But watching it again after all these years, and in a different frame of mind, it strikes me as almost a minor classic, for all its many flaws. This can be credited to the direction from -- of all people -- Anthony Mann (surely this is the odd-man-out in his filmography) and photography by Ernest Haller. Despite the rural setting, most of the film takes place at night, with key scenes in a deserted cotton mill and on the street outside a honky-tonk beer joint during a trip to the "big city" (Augusta Georgia).
This gives the film a noirish look that is superficially at odds with its Beverly Hillbillies characters, and adds to its unique ambiance. Because instead of noir cool we get raucous black comedy and wildly over-the-top caricatures. In fact, GLA is so flamboyantly larger than life that it comes across as a musical that has had all its songs cut.
(Idea for you theatrical types. Get the musical rights to GLA. It seems to be crying out for an adaptation).
Some of the casting is unsurprising: Jack Lord (in his butch leading man phase) and an already paunchy Aldo Ray as the hunks, Vic Morrow as Lord's loyal puppydog little brother (ironic since Morrow despised Lord -- allegedly they even got into a fistfight on the set).
Tina Louise plays the supposed sexpot that the various males fight over. Since Louise never did anything for me (I was always a Mary Ann man) she not only looks wrong but seems almost schoolmarmish in her repressed manner. Fay Spain is a lot more fun as the nymphomaniacal sister.

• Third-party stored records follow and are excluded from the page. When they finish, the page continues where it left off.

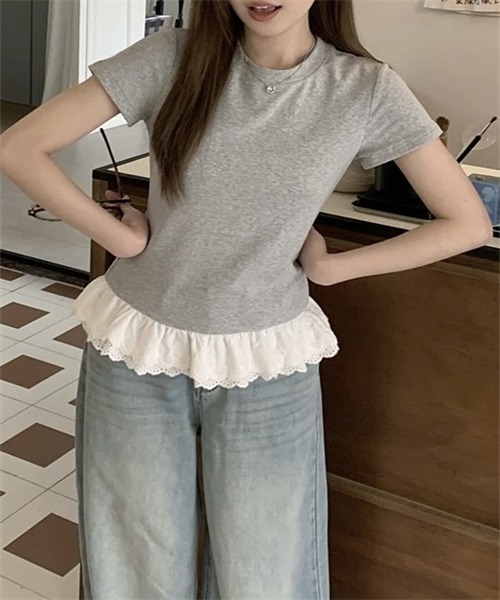 Dream garden(ドリームガーデン)の「裾綿レースフリルTシャツ(Tシャツ/カットソー・レディース・杢グレー/ホワイト・S/M/L/XL/XXL)」の15枚目の写真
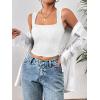 imageZeagoo Womens Sleeveless Crop Top Square Neck Tank Top Workout Fitness Summer Basic Tops 2024 Trendy Going Out TopsWhite
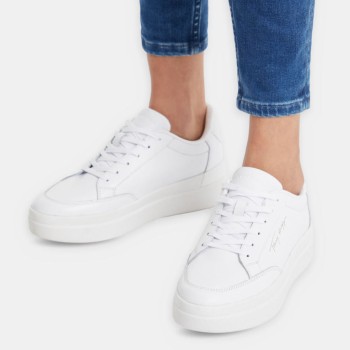 Tommy Hilfiger - Baskets en Cuir Signature blanches - 04 -4785016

Buddy Hackett plays a spoof of the fat redneck sheriff cliché. Rex Ingram is a friendly black sharecropper, Michael Landon has a small role as an albino (!!) and one Lance Fuller plays the rich brother from Augusta. He's the one cast member who makes no impact at all.

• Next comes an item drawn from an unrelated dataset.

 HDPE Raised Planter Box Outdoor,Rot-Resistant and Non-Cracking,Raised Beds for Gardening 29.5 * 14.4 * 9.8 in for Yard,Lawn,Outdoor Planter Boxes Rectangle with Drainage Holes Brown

The central role, Ty Ty the obsessed farmer, is played by the surprisingly cast Robert Ryan. Ryan is expert as psychos and villains, but he's not the first actor you'd think of for this kind of larger-than-life Falstaff/"fool" role, one that might suit Burt Lancaster or Jimmy Cagney better. However, he's generally quite effective, making up in gravitas what he might lack in theatricality.
The script by the blacklisted Ben Maddow (although credited to perennial front Phillip Yordan, who was allegedly illiterate -- but that's another story) has some exposition and other problems. One example: the film is more than half over when Ty Ty needs money and decides to borrow it from his son in Augusta -- a son we've never heard mentioned before. His existence should have been worked into dialogue earlier.
Maddow's script seems divided into theatrical style scenes, often separated by fades to black. This may have been necessitated by heavy editing (censorship?). Scenes that you expect to see are curiously missing. GLA is essentially two plots fused together: Ty Ty desperately searching for gold on his farm, and Will Thompson (Ray) desperately trying to open the cotton mill that supports the town's workers.
This latter, proletarian storyline seems added-on, a leftover from the novel's original publication in 1933. It ensures GLA a place in that group of films (A Place In The Sun, Lonelyhearts, The Flim Flam Man, Fitzwilly) that are set in contemporary times but really should take place in the 1930s.
Elmer Bernstein's score, full of pastoral horns and strings, is very good, even if it is the most blatant imitation of Aaron Copland I've ever heard. In fact it's so similar Copland fans may want to track it down for comparison purposes. The title song is an interesting gospel pastiche, although the use of an all-too-obviously lily-white chorus blunts its impact.
I don't know where the auteurists rank GLA in the Anthony Mann canon, but it definitely deserves a look.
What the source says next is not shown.